Snapchat Is the Next Evolution in Photography
The company’s Landmarkers feature seamlessly melds the real and the imagined
Snapchat is back, and it’s doing just fine. That’s the message the company wanted to get across when it held a flashy event on April 4 in Los Angeles, unveiling a ton of new and quirky ideas designed to lure users back to its app.
The presentation could have been mistaken at first for a yellow-tinted Apple event, but the company showed off a bunch of creative new ideas, from an in-app gaming platform to Snap stories coming to outside apps like Tinder. But the standout was a new feature called Landmarkers, which allows you to remix the world around you with augmented reality filters in real time.
If you’re visiting a famous landmark, like the Eiffel Tower, tapping and holding within the camera will reveal special new filters. Tap a filter, and Snapchat will layer another reality on top of it, seamlessly blending the real and virtual worlds together. The demo teased the Eiffel Tower vomiting rainbows, New York’s Flatiron Building covered in 3D pizza, and other psychedelic possibilities like buildings growing eyes and long necks.

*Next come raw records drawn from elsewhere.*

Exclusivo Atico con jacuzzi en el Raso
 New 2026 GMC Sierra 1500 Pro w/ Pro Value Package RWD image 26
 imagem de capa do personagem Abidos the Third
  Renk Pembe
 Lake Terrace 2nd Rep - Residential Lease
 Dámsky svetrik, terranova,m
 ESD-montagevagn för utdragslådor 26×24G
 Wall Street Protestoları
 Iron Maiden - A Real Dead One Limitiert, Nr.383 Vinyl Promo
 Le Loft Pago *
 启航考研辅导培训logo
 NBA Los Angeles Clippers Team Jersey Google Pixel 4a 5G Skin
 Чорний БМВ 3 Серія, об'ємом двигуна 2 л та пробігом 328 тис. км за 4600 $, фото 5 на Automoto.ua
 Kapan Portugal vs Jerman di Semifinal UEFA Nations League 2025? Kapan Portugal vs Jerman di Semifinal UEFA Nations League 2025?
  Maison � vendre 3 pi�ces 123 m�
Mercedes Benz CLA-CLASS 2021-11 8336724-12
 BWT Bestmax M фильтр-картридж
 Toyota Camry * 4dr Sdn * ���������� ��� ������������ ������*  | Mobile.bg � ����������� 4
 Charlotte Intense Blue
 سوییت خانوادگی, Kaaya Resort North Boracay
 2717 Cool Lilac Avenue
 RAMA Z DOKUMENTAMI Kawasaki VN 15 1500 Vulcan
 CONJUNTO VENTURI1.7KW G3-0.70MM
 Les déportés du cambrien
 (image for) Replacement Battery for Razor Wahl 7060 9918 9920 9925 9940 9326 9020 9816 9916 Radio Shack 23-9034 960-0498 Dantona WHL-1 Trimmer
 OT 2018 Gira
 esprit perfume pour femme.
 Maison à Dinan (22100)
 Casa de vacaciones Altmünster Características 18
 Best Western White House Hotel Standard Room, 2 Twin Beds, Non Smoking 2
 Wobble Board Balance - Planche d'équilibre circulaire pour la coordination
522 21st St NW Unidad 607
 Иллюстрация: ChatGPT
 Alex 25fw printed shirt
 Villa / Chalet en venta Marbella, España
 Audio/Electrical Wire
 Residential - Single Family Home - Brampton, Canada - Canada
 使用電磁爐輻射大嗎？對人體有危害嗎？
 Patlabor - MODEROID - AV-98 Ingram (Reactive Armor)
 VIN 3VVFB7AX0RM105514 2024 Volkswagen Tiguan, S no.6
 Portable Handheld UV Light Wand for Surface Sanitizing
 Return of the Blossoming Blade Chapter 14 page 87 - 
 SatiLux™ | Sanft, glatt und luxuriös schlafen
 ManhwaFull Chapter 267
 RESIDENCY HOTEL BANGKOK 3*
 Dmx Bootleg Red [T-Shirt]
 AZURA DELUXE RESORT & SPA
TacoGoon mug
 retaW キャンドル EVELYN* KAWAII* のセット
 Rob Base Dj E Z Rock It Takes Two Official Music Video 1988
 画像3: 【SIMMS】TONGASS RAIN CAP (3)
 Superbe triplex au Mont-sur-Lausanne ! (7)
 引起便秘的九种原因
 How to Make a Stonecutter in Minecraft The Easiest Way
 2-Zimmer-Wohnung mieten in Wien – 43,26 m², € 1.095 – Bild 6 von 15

The camera is now the app.
These new “filters” are driven by the community — any user can invent one using free software — allowing creators to make a mark on the physical world by intimately tying it with the digital one. Landmarkers is a genius move, not because it’s weird or perfectly targeted to millennials’ sensibilities — though it is — but because Snapchat wants to redefine the way we think about cameras. The camera is now the app.
My initial reaction to the feature’s demo was one of confusion: Why would Snapchat build this? But that confusion quickly morphed into a realization that I was watching the beginning of the next wave of photography: the intersection between what’s real and what’s invented.